One question though, you write:
Following the threading.Event pattern you suggested, I use a Event.wait until the position is received by another function through the standard Octoprint event hook.
Where are you waiting? In the thread you spawned or someplace else?

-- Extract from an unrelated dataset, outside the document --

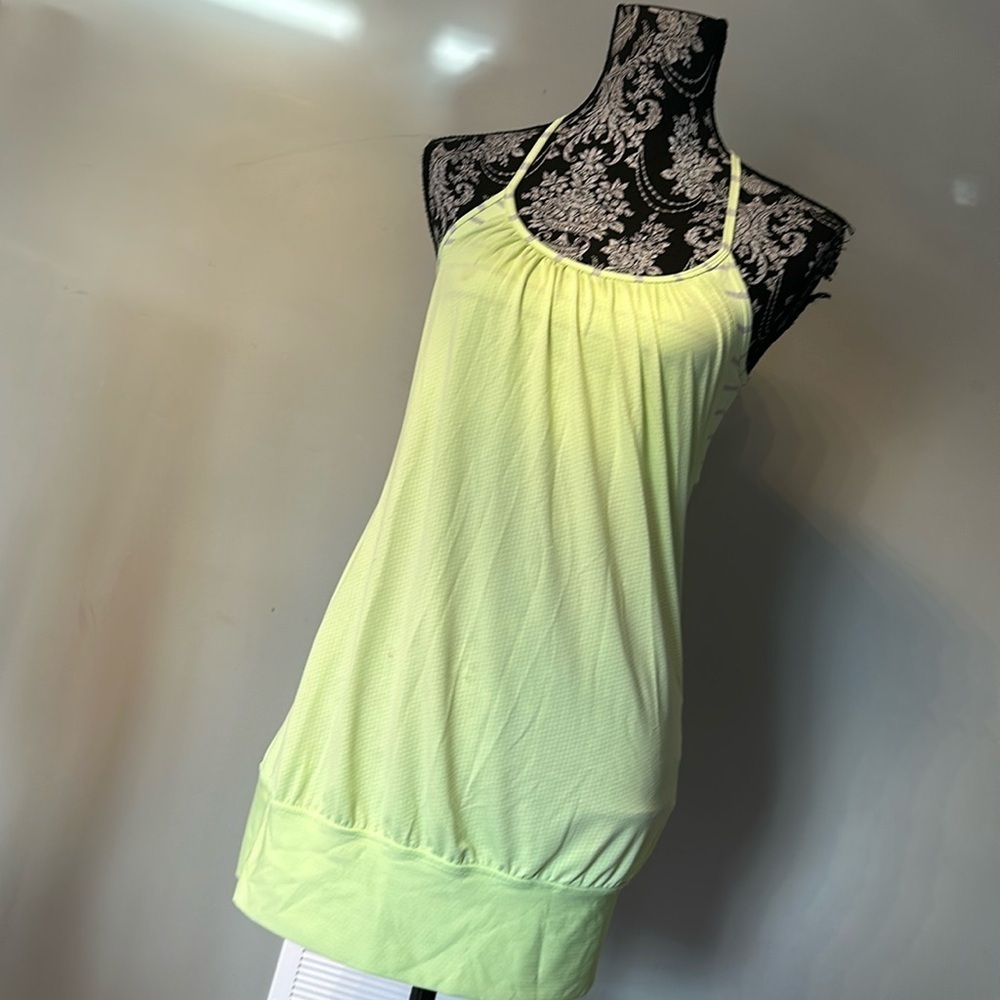 Lululemon size 6 top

Good news (or bad, depending on your point of view), I can reproduce this with a small plugin against the virtual printer:
# coding=utf-8
from __future__ import absolute_import
import octoprint.plugin
import time
import threading
class TestJobOnHoldPlugin(octoprint.plugin.OctoPrintPlugin):
def handle(self, comm_instance, phase, cmd, cmd_type, gcode, tags=None, *args, **kwargs):
if gcode != "G80" or (tags and "plugin:test_job_on_hold" in tags):
return
def process():
try:
self._logger.info("Going to sleep for a bit")
time.sleep(20)
self._logger.info("... and back!")
# now send the command
self._printer.commands(cmd, tags=tags)
finally:
self._printer.set_job_on_hold(False)
pass
if self._printer.set_job_on_hold(True):
thread = threading.Thread(target=process)
thread.daemon = True
thread.start()
return "!!DEBUG:trigger_resend_checksum"
__plugin_implementation__ = TestJobOnHoldPlugin()
__plugin_hooks__ = {
"octoprint.comm.protocol.gcode.queuing": __plugin_implementation__.handle
}
Repro steps: Install that, start a print, send a G80 through the terminal tab. Print will stop, resend request trigger will be sent to the virtual printer, but for some reason the resend request won't be received until another command is sent. Which doesn't make a whole ton of sense for me right now and I'll have to dig deeper.
Looks like we'll need a 1.3.7rc3 however since this is a bug in newly added functionality and that's a reason for rolling out a new RC. Meh ;)
I stand corrected. The reason I could reproduce this was an implementation detail of the virtual printer, not the job_on_hold flag. So no reproduction so far and still a huge question mark over my head.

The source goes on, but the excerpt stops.